Has anyone been able to develop a syntax-free LR(k) (for finite k) grammar for parsing generics? The proposed grammar in spec8.pdf is hideous, as it has several ambiguities and even some typos. The two biggest problems I have in a context-free parser is deciding whether >> should be one or two tokens, and whether a<b starts a parameterized type name or is a relational expression. I know these two problems can be solved by writing a context-sensitive parser, but I would prefer not to do that if possible. I assume (without looking at the sources, because I'm trying to do a clean-room implementation) that the prototype compiler is using a context-sensitive parser.

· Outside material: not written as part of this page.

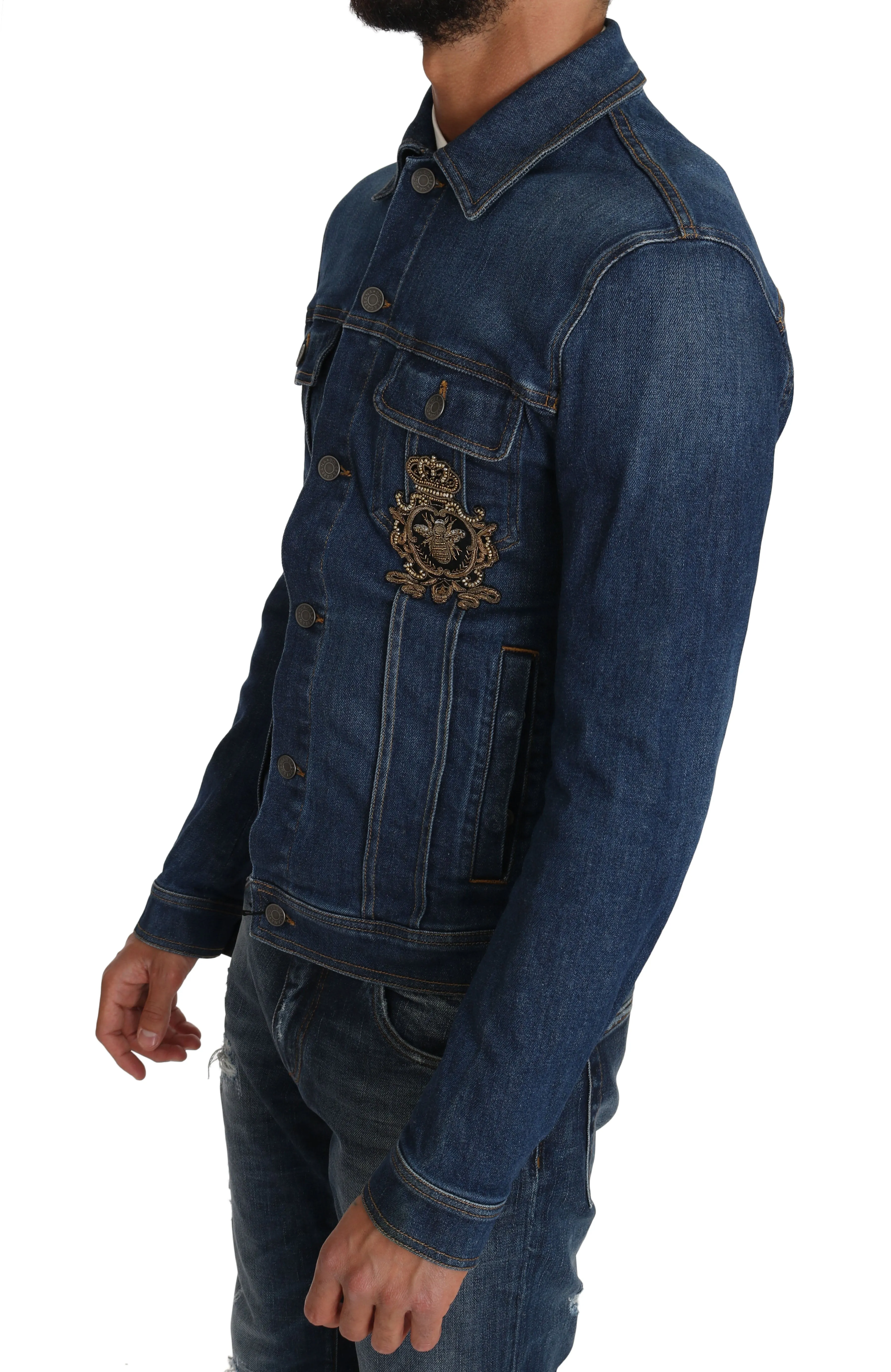 Blue Denim Royal Crown Bee Logo Jacket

I also am interested if any of the JSR folks would be willing to let the public know where the current syntax of the JSR or Java 1.5 differs from the ideas in the public draft. Remember the last minute change of the assert syntax (from "assert(a, b)" to "assert a:b"), 11 months after the public draft closed, made in order to acheive LR(1) parsing?

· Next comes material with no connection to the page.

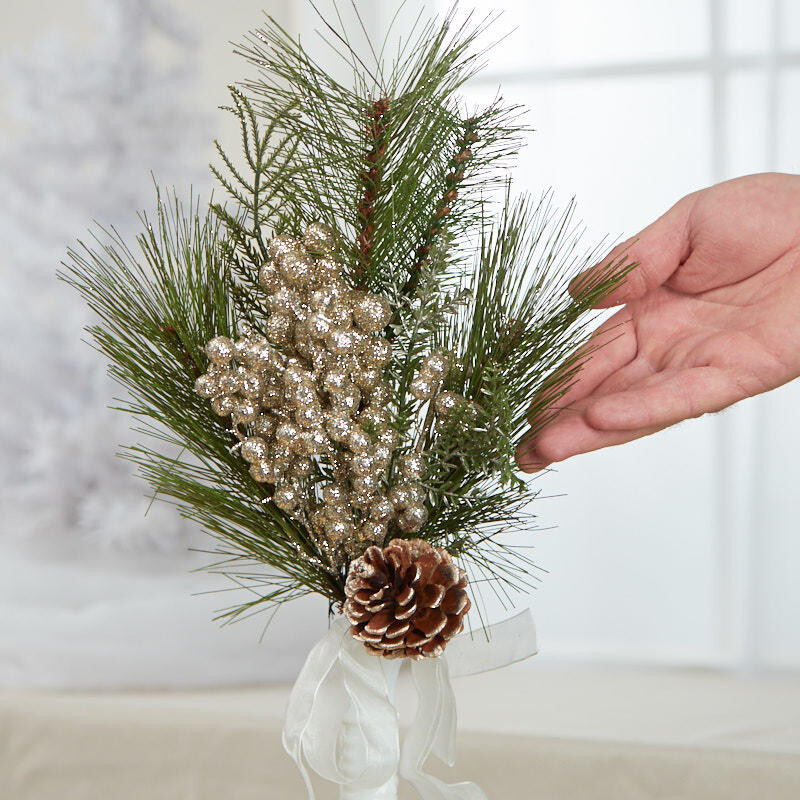 Set of 4 Champagne Artificial Pine and Berry 15″ Sprays with Bow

I've come close to writing an LR(2) grammar that gets everything except for casts. And I may even be able to trim that to LR(1) without too much headache. The problem with casts, however, is shown below:
Suppose an LR(2) parser is at "a" on this sequence:
class A { void m() { Object o = ( a < b
We could reduce "a" to ClassOrInterface, and ultimately have a cast expression, as in:
class A { void m() { Object o = ( a < b > ) null; } }
And since an infinite number of tokens can appear in both ReferenceTypeList and ShiftExpression, there is no finite way to determine which reduction to choose.
Has anyone been able to develop a syntax-free LR(k)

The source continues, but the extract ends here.